私の写真タイトル

 白昼夢

≪12月≫小俣章二さんの作品  (No35)

題名ー「白昼夢」  

 偶然見上げた社の甍(いらか)に猫が座っていた。狙いをつけた私のレンズ目線を無視して遠方を見つめる姿は、毅然としていて、神秘的な雰囲気を醸し出している。古代エジプトで猫は人類繁栄の象徴として、人々から神格化されていたようだ。「もう一枚」とポジションを変えファインダーを覗く間の一瞬に猫の姿は消えていた。私は猫の幻を見たのか。

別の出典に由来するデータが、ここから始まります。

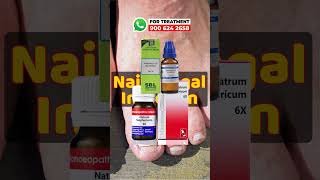 Homeopathic Medicine for Nail Fungus Infection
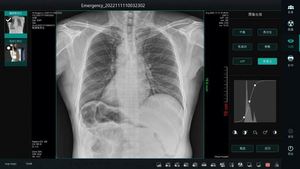 Abordable 14*17/17*17 <span class=keywords><strong>Rx</strong></span> Portatil X-ray Machine Digital X-ray Flat Panel Detector X-ray - Product Image 4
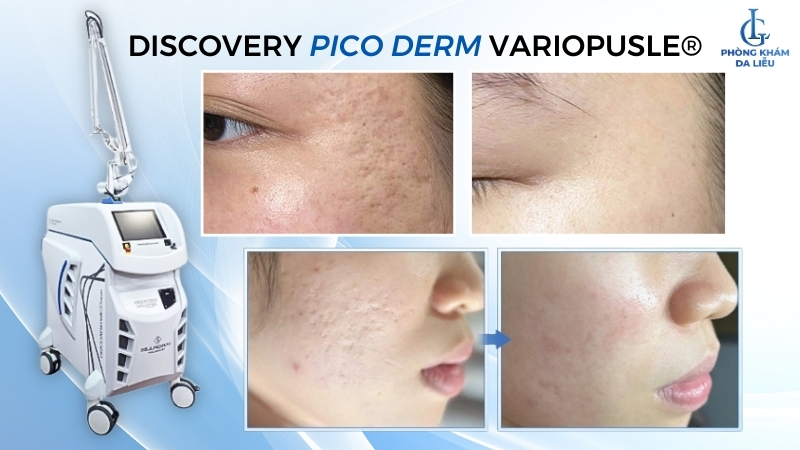 Laser trị sẹo lõm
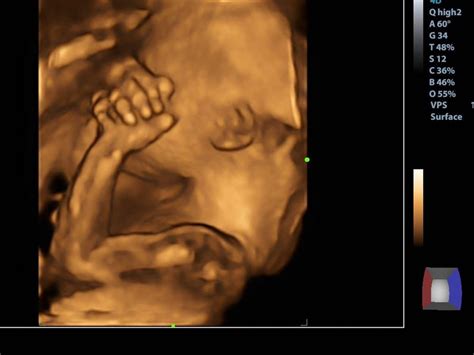 Morfologický ultrazvuk: Kedy sa robí a čo všetko odhalí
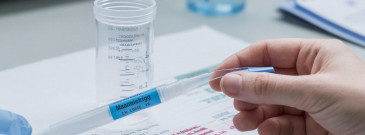 Мазок на онкоцитологию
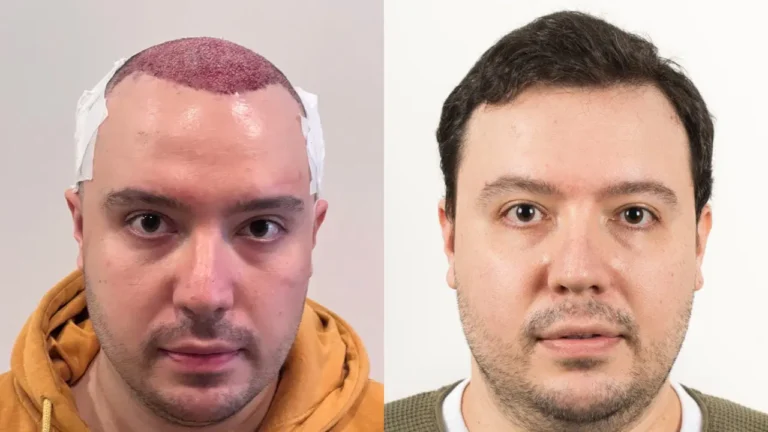 Haartransplantation Garantie-Urkunden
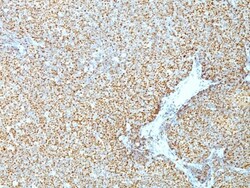 Cyclin D1 Antibody (CCND1/809), Novus Biologicals 0.2mg; Unlabeled:Antibodies,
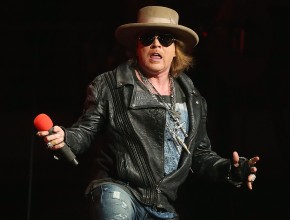 Axl Rose plastic surgery before and after 14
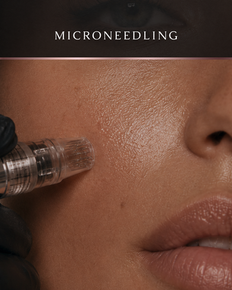 Microneedling treatment designed to improve skin texture, acne scars, pores, and collagen production.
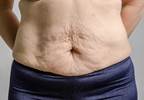 Obesity Subtype May Determine Outcomes After Bariatric Surgery Obesity Subtype May Determine Outcomes After Bariatric Surgery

                                                                                                               (H21年12月31日まで展示

《大坪信二先生講評》
珍しい光景を写し撮りました。神社の軒先に、ちょこんと、ちゃっかりと澄まし顔で白黒の猫が鎮座?している
光景は珍しいです。ここは私の縄張りだと言わんばかりで遠くを眺めている姿で写し出されているようにも見えます。思わずカメラを向けられた気持ちはわかります。
 
また建物の一部に見事に彫刻がされた建物の部分に木漏れ日が当たり、猫と木漏れ日、彫刻とで何かを暗視しているような光景に見えます。でも写真作品として考えた時に、何を写したいのかが薄い感じがします。珍しい光景に思わず写されてしまったという感じがします。猫が居ることで何かをより感じさせることができるとよいのですが・・・。